Each Ansible task using pywinrm: 1. Opens HTTP connection (or reuses from requests.Session pool) 2. Performs NTLM 3-message handshake (Type 1 → Type 2 → Type 3) 3. Creates a new WinRM shell (wsman:Create) 4. Executes the command 5. Reads output 6. Closes the shell (wsman:Delete) 7. Returns connection to pool

No shell reuse across tasks. This is the core of the forkbomb problem.

Thread Safety (pywinrm#277)

Sharing a Session/Protocol across threads causes InvalidCredentialsError because NTLM's stateful auth handshake gets corrupted when threads interleave messages.
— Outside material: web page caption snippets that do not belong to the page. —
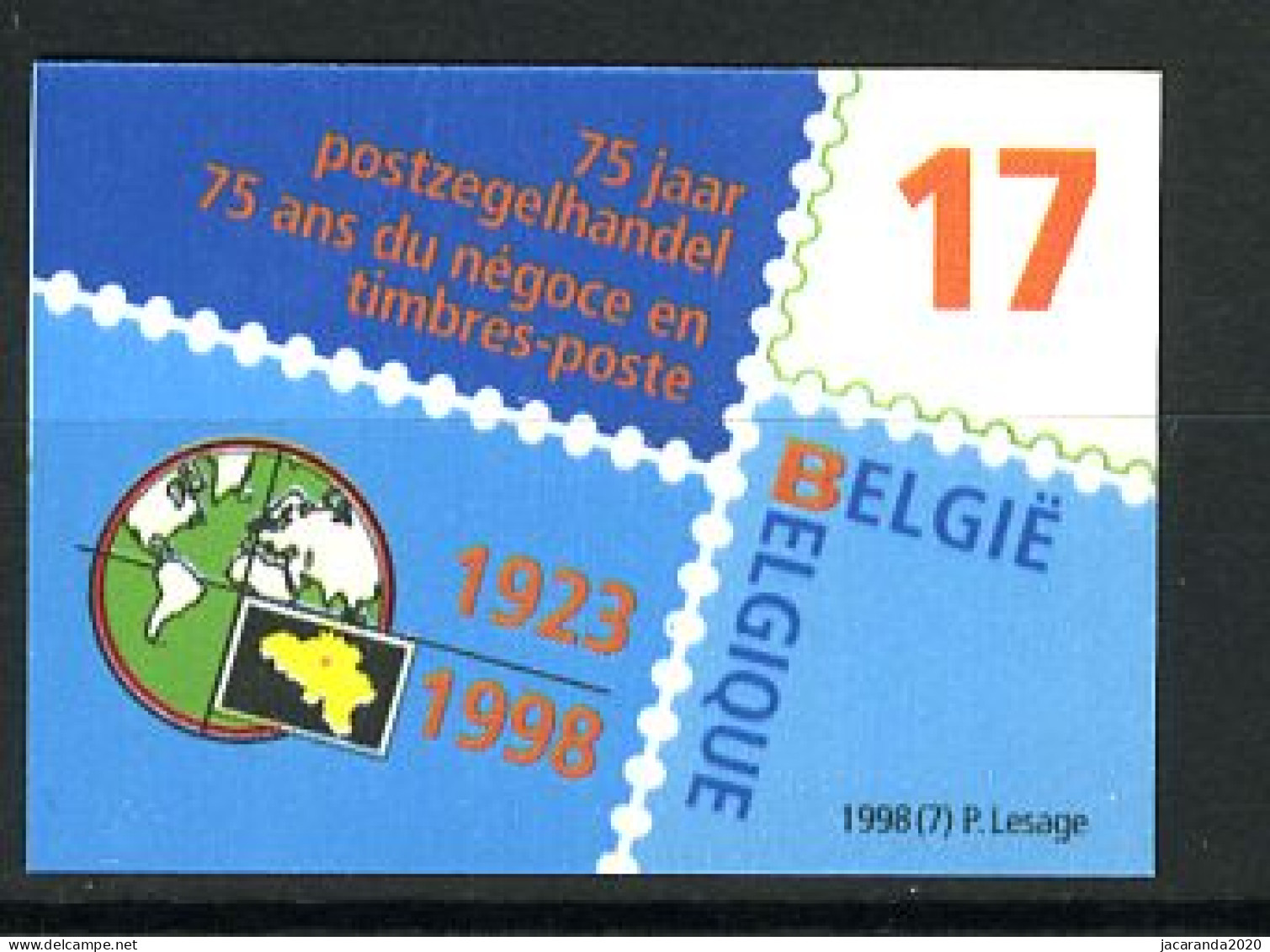 België 2752 ON - 75 Jaar BBKPH - Other & Unclassified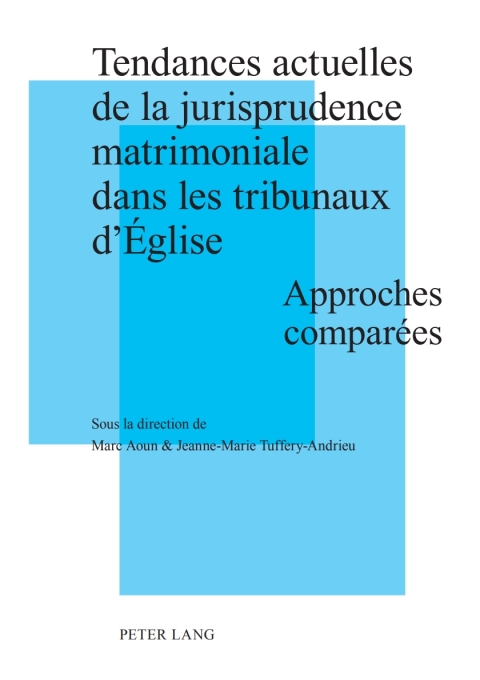 Cover image for book Tendances actuelles de la jurisprudence matrimoniale dans les tribunaux dÉglise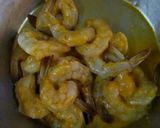 A picture of step 1 of Prawn Chops.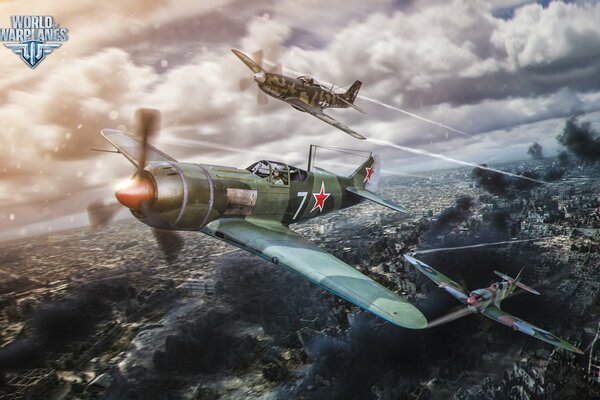 Sowjetische Flugzeuge aus dem Spiel World of warplanes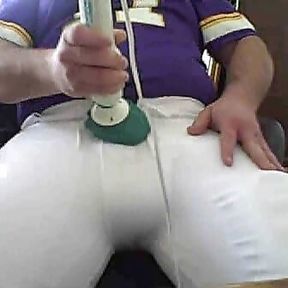 horny kspigbear in football gear with vibrator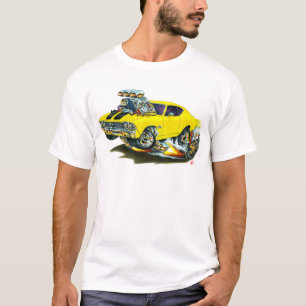 T-shirt Carro 1968-69 Amarelo-Preto de Chevelle
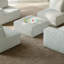 Canapé modulaire avec repose-pieds, crème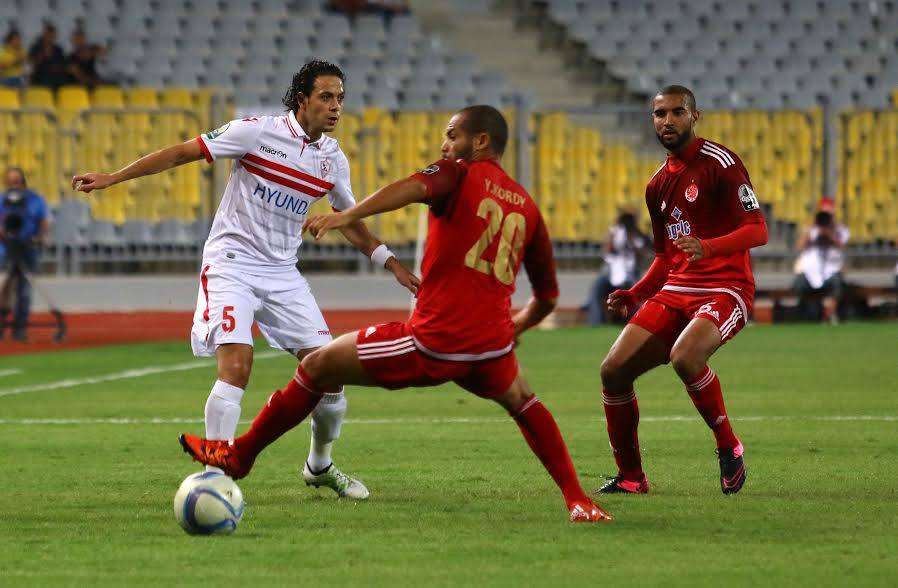 جانب من مباراة الذهاب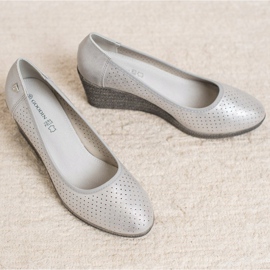 Goodin Bombas de cuña ligeras gris 2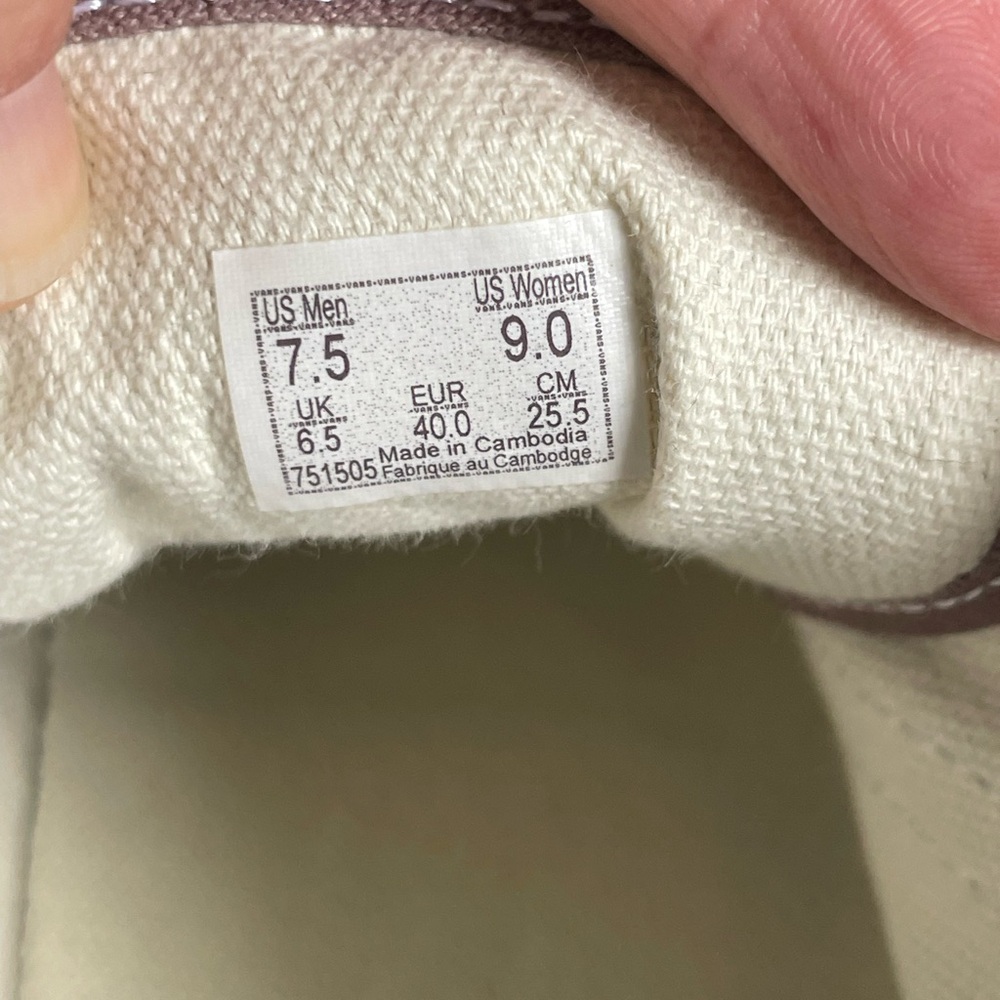 Vans Women's Mauve Old Skool Sneakers size 9 - Picture 6 of 8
Each Ansible fork (separate process) gets its own Protocol — safe by isolation.

NTLM Overhead

3 HTTP round-trips minimum per new connection: 1. Type 1 negotiation message 2. Type 2 challenge from server 3. Type 3 authentication response

Amortized when connection is reused, but pywinrm's shell-per-task model means re-authentication happens for each new TCP connection.

pypsrp Connection Model (The Fix)

Runspace Pool Architecture

flowchart LR
    subgraph fork["Ansible Fork 1"]
        A["Task A"]
        B["Task B"]
        C["Task C"]
        D["Task D"]
    end

    conn["Single WinRM Connection<br/>NTLM auth ONCE"]
    host["Windows Host"]

    A --> conn
    B --> conn
    C --> conn
    D --> conn
    conn --> host

    style conn fill:#9f9,stroke:#333,stroke-width:2px
  • One TCP connection per RunspacePool, reused for ALL commands
  • Authentication happens once at pool creation
  • No per-task shell creation/destruction
  • Variables and session state persist across commands
  • 50-65% faster than pywinrm for repeated operations

Key PSRP Settings

ansible_psrp_reconnection_retries: 3    # default 0
ansible_psrp_reconnection_backoff: 2    # exponential backoff seconds
ansible_psrp_operation_timeout: 20      # seconds
ansible_psrp_read_timeout: 30           # seconds
ansible_psrp_connection_timeout: 30     # seconds

Molecule Parallelism

Native --parallel Flag

Uses Python multiprocessing process pool. Each scenario gets a UUID-based ephemeral directory for isolation. Platform names auto-suffixed.

pytest-xdist

MOLECULE_OPTS="--parallel" pytest --numprocesses auto --molecule roles/

Each worker gets PYTEST_XDIST_WORKER env var for unique naming.

Critical: Prerun Race Condition

Galaxy collection installation is NOT parallel-safe. Multiple processes installing the same collection cause File exists errors.

Fix: Disable prerun, install deps serially first:

# .config/molecule/config.yml
prerun: false
# Install deps once, then run parallel
ansible-galaxy collection install -r requirements.yml
MOLECULE_OPTS="--parallel" pytest --numprocesses auto --molecule roles/

Known Issue: Molecule 25.2.0 Regression

Issue #4408: Removed UUID-based ephemeral directory isolation, breaking parallel execution. Check your molecule version before relying on --parallel.

Maximum Connection Pressure Recipe

Theoretical Maximum

With default Windows quotas (MaxShellsPerUser=30, MaxConcurrentUsers=10): - Each fork creates 1 connection - forks=30 would saturate MaxShellsPerUser - forks=50 would exceed it → errors

Inventory Trick (Multiple Entries, Same Host)

# Create artificial parallelism against single host
windows_pressure:
  hosts:
    win-[01:50]:
      ansible_host: win-target.example.com

This creates 50 "hosts" pointing to one machine, exercising forks=50 simultaneously.

The Forkbomb Formula

parallel_molecule_processes × ansible_forks × tasks_per_role = total_shell_attempts
4 × 5 × 15 = 300 attempts against MaxShellsPerUser=30

Error When Quota Exceeded

HTTP 500 from WinRM: "The maximum number of concurrent operations for this user has been exceeded". Ansible reports as task FAILED, not UNREACHABLE.

Connection Plugin Architecture

  • One connection object per (host, connection_plugin) tuple per worker process
  • Connections reused within a play across tasks for the same host
  • NOT reused across plays (new play = fresh connection)
  • Each fork = separate process = separate connection (no shared state)
  • meta: reset_connection forces reconnection with new NTLM handshake

Monitoring During Benchmarks

# Real-time shell count
Get-Process wsmprovhost | Measure-Object

# Performance counters
Get-Counter "\WS-Management\Active Shell Sessions",
  "\WS-Management\Active Operations" -SampleInterval 1

# Event log (quota exhaustion = Event ID 142)
Get-EventLog -LogName System -Source WinRM -Newest 100